Stored records

• • • • •

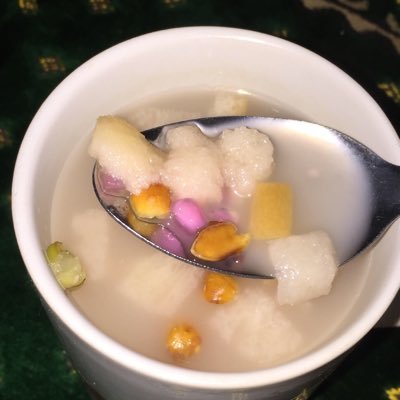 aarraaiinn's profile picture. ini kesambet apa ya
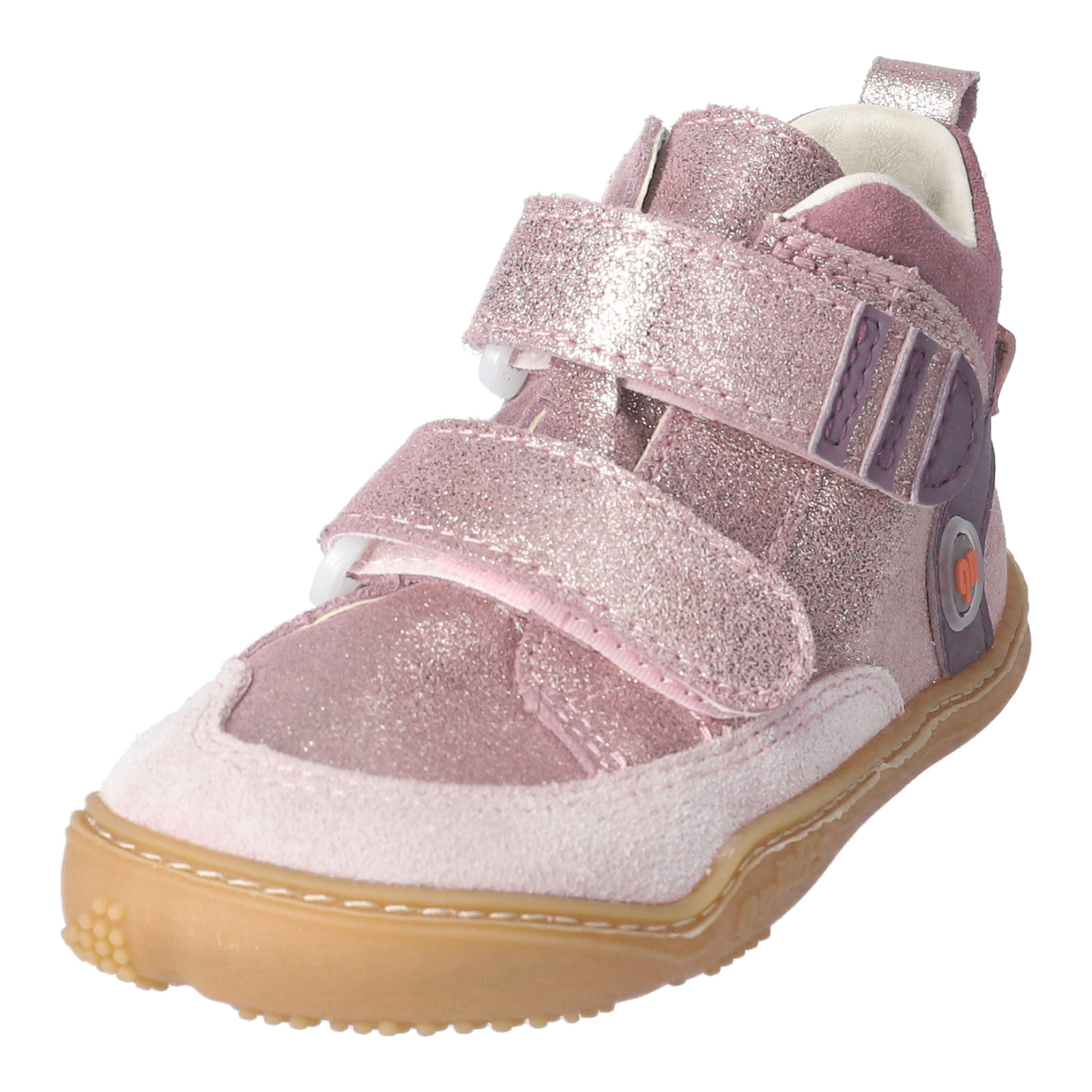 KASTANIE - Barfußschuhe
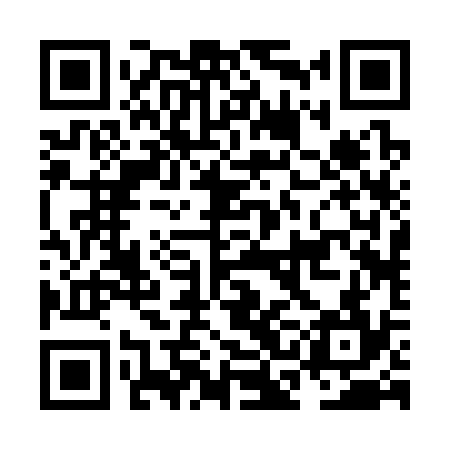 QR code for NCB334
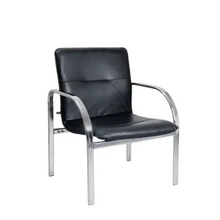 Image Scaun STAFF-1 S V-4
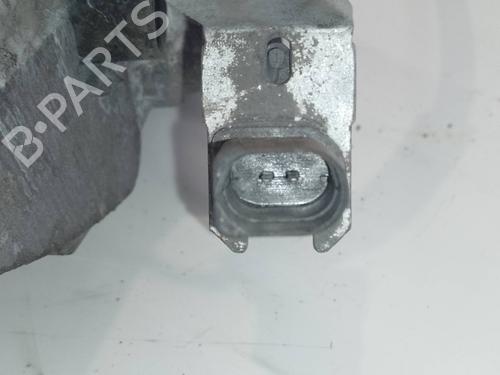 Left front brake caliper AUDI A8 D3 (4E2, 4E8) 4.0 TDI quattro | BP19781414M105 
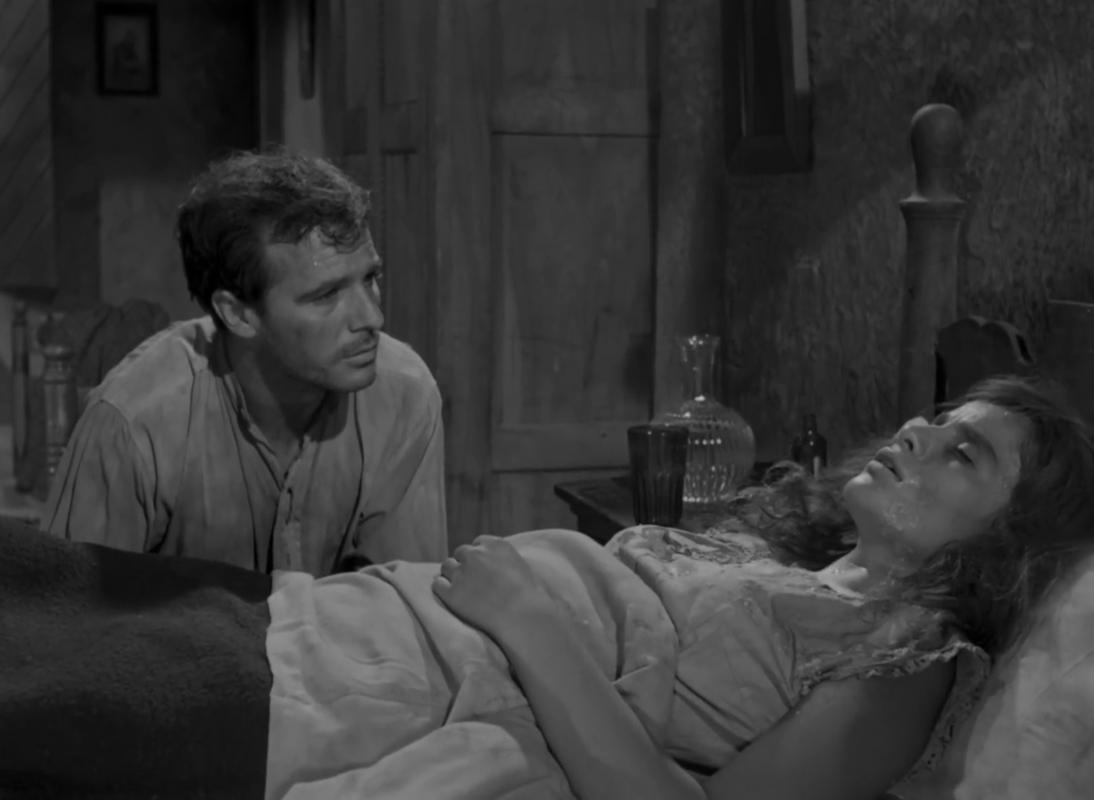 vlcsnap-2020-05-17-15h16m41s291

• • • • •

» **Exercise**: This task calls for an exact copy of the data above, without pictures.

» **Answer box**:
 aarraaiinn's profile picture. ini kesambet apa ya
 KASTANIE - Barfußschuhe
 QR code for NCB334
 Image Scaun STAFF-1 S V-4
 Left front brake caliper AUDI A8 D3 (4E2, 4E8) 4.0 TDI quattro | BP19781414M105 
 vlcsnap-2020-05-17-15h16m41s291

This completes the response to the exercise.